Data extracted from a collection:
******************************

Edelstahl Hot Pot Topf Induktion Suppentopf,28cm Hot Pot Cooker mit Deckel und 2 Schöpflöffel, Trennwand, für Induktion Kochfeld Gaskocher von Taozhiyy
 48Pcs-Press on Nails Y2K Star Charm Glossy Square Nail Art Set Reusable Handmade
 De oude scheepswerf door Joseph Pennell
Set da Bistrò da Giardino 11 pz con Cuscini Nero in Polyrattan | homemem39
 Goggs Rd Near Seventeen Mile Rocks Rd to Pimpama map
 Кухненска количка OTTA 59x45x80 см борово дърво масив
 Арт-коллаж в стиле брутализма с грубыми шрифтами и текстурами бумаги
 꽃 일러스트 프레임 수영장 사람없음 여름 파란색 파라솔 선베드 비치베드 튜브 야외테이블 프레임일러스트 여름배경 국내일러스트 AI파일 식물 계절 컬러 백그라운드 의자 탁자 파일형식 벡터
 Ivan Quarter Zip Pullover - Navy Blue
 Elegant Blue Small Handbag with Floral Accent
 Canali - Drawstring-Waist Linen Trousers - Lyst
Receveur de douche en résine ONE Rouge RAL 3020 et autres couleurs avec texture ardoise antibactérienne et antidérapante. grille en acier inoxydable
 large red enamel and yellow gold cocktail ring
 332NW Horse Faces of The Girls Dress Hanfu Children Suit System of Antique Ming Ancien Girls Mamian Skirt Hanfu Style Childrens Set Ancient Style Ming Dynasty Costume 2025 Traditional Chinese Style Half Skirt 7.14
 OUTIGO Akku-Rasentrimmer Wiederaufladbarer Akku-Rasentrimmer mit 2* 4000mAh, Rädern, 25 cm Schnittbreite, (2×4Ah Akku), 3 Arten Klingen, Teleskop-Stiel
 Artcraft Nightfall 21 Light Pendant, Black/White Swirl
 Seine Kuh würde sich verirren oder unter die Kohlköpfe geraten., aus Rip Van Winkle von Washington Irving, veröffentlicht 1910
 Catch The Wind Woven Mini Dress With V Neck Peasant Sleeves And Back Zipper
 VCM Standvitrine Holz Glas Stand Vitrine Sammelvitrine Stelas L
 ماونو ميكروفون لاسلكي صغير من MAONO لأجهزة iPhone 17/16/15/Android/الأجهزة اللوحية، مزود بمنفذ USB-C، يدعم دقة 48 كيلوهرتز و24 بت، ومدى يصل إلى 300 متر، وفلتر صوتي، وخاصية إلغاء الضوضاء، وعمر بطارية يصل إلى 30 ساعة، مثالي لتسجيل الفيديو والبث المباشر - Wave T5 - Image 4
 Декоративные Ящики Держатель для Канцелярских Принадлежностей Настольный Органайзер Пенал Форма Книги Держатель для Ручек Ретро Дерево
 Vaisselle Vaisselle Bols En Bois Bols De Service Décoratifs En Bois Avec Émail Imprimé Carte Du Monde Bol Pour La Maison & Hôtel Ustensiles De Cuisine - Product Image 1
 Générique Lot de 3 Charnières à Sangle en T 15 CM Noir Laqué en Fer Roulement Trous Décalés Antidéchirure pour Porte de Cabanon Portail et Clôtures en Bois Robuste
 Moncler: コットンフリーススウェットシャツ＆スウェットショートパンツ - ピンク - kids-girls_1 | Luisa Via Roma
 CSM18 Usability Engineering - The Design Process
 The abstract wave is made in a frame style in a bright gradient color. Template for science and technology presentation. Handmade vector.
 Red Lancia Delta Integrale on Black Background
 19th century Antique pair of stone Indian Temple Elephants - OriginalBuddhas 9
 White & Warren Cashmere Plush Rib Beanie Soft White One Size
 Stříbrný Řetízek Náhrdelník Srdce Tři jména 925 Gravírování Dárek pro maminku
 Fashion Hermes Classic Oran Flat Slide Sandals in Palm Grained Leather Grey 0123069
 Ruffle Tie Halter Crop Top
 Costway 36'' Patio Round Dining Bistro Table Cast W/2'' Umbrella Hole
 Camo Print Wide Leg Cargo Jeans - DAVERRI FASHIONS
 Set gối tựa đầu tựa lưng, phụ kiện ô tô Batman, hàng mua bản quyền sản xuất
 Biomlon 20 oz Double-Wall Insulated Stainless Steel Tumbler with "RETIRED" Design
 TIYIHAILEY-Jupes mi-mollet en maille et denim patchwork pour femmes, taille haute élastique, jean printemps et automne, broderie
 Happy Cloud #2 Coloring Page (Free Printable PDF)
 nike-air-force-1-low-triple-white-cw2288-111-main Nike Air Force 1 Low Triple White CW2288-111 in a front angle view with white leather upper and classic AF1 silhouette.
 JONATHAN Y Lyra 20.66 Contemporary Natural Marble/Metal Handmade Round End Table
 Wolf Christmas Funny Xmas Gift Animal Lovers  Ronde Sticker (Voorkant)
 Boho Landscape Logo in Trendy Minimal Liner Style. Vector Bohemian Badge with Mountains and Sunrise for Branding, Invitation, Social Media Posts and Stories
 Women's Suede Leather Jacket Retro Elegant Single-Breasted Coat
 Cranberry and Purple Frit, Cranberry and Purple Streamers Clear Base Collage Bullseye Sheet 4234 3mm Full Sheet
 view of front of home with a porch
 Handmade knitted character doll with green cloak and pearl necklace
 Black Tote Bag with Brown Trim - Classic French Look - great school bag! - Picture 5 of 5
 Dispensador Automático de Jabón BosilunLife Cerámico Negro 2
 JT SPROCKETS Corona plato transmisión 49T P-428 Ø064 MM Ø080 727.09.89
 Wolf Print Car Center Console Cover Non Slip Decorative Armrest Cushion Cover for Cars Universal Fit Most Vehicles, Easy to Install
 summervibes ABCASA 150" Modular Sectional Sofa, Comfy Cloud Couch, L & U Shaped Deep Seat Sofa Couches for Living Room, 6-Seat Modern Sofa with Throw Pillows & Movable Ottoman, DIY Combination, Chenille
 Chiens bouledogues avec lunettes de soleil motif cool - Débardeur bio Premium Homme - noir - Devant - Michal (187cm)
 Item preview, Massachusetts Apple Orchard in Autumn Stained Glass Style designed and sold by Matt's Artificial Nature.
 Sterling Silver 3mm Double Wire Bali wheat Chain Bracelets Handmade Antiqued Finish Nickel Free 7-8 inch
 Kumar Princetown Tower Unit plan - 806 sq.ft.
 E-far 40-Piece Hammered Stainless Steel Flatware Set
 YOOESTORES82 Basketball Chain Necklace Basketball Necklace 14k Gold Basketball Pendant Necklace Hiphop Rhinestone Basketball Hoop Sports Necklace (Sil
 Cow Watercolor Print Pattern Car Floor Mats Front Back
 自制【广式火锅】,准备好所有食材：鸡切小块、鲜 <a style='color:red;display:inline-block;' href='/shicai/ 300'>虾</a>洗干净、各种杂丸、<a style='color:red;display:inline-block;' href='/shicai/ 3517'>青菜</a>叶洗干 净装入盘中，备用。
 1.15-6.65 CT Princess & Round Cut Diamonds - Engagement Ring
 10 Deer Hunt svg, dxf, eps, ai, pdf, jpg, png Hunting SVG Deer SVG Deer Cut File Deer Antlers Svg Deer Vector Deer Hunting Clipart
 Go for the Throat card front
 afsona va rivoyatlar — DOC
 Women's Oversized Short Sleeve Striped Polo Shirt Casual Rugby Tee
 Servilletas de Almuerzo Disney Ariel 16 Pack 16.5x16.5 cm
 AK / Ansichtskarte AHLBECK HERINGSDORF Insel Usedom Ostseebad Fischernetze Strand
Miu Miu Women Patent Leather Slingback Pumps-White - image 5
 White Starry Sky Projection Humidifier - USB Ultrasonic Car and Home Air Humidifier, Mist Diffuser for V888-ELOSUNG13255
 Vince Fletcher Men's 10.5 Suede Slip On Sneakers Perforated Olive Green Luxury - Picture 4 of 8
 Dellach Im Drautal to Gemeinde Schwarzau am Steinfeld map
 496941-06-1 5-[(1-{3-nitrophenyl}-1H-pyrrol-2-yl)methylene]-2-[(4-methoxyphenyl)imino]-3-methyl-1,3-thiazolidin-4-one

******************************

### Exercise goal
Filter the data above down to lines with the word "Black", and copy them.

### Result for this exercise
 Artcraft Nightfall 21 Light Pendant, Black/White Swirl
 Red Lancia Delta Integrale on Black Background
 Black Tote Bag with Brown Trim - Classic French Look - great school bag! - Picture 5 of 5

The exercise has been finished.